Sunday, October 09, 2005

The strangest fight.

So I remember, four months back, and I tell:

The Strangest Fight.

On that obstreperous night, I was returning to my house after buying a pack of cigarettes; same path: Eje 3, cafetales and cañaverales. It was 10 p.m. and I was feeling anxious and ill-humored (it had been a tough month, not to mention a hedious year), so I decided to light a smoke to kill my mood and meanwhile myself... terrible thought in relation to the later events.

-Click, click- the lighter said.

-Ja, ja, ja, ja!!!!- whispered a blur on my right.

-Huh?- I thought, bored.

Out of nowhere I was on the floor with my liver feeling like an overinflated soccer ball.

The planet earth is blue, and there's nothing I can do.

While incorporating, in the few seconds before the next hit (he was swinging a baseball bat of some sort), I was wondering the location of my recent lit cigarette while by the miracle of reflexes I block his atack with my shoulder noticing something sharp on the bat - glass?, nails?.

I saved my face, but the hit got me back to the floor. I turned up my face to look the origin of the laughter.

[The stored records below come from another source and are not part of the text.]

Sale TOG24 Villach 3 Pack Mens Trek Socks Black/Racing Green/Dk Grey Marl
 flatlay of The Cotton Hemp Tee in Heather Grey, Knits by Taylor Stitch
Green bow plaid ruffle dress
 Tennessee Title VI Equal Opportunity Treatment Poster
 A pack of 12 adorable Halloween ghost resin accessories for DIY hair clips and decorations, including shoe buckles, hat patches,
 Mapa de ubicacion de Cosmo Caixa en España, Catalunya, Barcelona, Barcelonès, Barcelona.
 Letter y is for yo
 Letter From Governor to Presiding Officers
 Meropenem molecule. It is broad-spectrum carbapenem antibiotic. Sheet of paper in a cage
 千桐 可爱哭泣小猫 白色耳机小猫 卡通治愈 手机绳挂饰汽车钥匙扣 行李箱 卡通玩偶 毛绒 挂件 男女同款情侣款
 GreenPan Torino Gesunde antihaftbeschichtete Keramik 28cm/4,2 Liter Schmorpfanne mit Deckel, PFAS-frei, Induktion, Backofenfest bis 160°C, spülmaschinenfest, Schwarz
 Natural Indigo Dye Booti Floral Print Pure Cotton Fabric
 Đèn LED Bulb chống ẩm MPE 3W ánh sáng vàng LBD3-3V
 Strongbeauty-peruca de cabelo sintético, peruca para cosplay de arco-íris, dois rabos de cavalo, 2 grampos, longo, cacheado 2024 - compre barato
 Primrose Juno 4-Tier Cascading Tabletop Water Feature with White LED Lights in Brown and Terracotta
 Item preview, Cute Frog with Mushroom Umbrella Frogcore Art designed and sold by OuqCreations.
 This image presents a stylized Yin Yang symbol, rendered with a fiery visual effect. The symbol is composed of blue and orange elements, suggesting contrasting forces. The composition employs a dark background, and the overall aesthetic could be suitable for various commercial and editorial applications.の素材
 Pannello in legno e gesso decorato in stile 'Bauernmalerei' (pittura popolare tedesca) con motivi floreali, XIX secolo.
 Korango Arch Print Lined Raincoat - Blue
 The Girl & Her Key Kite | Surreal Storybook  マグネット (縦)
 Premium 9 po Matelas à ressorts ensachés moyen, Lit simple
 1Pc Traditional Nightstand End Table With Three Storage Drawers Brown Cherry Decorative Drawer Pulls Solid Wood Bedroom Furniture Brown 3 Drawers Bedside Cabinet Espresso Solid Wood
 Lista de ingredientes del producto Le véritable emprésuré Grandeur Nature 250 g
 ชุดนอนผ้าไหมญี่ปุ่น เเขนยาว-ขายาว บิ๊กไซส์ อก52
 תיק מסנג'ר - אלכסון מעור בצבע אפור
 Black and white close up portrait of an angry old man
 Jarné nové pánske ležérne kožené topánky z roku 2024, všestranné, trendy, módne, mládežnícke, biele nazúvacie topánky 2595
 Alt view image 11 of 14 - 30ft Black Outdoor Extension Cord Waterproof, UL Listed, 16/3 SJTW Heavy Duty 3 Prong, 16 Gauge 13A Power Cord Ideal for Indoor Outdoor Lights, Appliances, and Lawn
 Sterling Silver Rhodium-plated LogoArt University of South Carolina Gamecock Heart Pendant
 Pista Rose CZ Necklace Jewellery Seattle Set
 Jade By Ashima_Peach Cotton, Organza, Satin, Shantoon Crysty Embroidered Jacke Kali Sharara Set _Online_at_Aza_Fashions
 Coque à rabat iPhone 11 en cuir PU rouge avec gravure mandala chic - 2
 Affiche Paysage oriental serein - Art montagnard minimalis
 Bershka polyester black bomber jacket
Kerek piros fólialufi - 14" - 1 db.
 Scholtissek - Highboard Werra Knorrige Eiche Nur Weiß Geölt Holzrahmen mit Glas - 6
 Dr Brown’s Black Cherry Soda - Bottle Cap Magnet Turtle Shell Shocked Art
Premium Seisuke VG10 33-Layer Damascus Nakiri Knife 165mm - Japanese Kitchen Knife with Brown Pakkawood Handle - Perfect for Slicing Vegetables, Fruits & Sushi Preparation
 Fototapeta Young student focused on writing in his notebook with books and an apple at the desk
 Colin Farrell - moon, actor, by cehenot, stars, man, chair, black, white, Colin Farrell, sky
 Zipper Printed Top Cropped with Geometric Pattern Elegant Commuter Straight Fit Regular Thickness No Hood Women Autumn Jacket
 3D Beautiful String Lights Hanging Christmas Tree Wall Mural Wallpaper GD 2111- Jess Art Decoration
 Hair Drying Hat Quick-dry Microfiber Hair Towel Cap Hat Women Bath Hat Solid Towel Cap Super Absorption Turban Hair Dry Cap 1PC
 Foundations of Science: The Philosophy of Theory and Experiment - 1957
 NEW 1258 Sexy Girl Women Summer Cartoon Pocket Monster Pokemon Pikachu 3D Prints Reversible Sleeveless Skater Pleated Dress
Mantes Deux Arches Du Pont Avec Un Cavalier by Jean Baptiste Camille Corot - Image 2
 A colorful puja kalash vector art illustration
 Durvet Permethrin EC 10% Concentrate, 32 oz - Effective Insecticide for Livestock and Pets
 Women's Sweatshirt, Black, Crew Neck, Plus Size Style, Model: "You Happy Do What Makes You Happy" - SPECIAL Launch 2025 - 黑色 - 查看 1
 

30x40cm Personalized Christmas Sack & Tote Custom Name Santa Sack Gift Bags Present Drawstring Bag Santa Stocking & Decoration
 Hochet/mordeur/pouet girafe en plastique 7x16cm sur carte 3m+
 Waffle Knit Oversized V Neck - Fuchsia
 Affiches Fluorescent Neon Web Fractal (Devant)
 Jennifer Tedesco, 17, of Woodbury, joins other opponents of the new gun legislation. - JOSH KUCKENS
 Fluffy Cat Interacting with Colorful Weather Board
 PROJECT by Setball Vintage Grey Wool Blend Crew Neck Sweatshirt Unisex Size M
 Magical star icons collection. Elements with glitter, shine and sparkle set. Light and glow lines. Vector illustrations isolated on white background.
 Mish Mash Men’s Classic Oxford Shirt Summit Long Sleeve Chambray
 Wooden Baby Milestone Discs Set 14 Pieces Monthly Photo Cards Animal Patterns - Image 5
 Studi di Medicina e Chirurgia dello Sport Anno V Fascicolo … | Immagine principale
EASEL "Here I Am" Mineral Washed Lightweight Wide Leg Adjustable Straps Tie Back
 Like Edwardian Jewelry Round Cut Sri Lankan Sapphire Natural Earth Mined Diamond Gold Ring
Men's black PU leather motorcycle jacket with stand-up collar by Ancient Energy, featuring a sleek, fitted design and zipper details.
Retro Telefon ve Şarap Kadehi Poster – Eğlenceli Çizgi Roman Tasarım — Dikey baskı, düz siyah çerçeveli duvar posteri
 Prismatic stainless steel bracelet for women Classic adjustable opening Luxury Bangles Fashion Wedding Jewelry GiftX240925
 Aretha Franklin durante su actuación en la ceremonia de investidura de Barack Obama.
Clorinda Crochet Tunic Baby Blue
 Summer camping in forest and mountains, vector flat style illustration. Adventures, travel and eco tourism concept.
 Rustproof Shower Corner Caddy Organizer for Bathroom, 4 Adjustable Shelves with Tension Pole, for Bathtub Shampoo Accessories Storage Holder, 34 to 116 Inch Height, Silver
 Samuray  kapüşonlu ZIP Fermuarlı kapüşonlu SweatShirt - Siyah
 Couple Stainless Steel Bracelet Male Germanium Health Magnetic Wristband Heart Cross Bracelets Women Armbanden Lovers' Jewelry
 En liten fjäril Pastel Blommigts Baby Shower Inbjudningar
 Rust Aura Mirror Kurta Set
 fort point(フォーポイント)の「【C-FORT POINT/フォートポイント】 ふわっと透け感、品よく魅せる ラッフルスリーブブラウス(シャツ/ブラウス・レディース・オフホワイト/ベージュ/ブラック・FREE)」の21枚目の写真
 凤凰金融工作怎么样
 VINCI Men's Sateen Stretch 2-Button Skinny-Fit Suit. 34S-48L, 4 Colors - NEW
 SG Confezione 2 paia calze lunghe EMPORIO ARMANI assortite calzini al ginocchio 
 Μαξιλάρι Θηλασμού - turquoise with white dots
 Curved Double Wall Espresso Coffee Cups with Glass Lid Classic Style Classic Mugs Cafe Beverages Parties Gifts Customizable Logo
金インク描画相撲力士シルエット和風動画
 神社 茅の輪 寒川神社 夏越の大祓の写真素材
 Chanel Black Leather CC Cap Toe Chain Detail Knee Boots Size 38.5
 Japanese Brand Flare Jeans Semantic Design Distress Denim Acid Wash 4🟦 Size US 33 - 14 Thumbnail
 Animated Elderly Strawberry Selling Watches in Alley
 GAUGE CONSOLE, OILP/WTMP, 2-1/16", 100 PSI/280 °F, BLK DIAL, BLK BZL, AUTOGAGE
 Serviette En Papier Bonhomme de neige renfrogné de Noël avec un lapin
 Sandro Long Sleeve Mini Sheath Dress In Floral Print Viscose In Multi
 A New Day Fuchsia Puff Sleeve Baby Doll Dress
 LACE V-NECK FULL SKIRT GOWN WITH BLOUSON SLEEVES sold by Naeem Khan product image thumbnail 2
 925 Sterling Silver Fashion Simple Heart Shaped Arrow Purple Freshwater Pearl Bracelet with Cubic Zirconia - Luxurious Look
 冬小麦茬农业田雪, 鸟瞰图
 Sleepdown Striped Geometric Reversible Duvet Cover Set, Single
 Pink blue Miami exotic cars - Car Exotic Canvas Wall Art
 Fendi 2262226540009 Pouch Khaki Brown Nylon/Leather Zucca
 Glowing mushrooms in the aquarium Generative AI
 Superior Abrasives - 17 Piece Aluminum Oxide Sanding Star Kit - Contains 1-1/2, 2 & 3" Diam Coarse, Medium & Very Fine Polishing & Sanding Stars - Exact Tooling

The blur on my right turned out to be a huge (5 inches taller than me and fat like Marlon Brandon on his last days) playmobile laughing at my misery, by the corner of my eye I could see the reflexion of the streetlamp upon his soon-will-be-broken blue braces.

Analysing the situation rapidly, I supposed it was a robbery -Well, there is always a first time, dear- I thought -Don't be stupid and try to save your theet. Give him what he wants-. So I decided to gave up my wallet (I was not so sure about my Camel pack). I was trying to stand up again and at the same time I was reaching my back pocket in an attempt to throw the wallet and run, when I felt an amateur, but unlucky kick on my left kidney that sent me at the feet of Braces, and I heard another laughter -this one sounded like a hyena.

-Ji, ji, jiii!!!, juar, juar, juar!- moaned Hyena.

Great, now I'm airless and I want to pee.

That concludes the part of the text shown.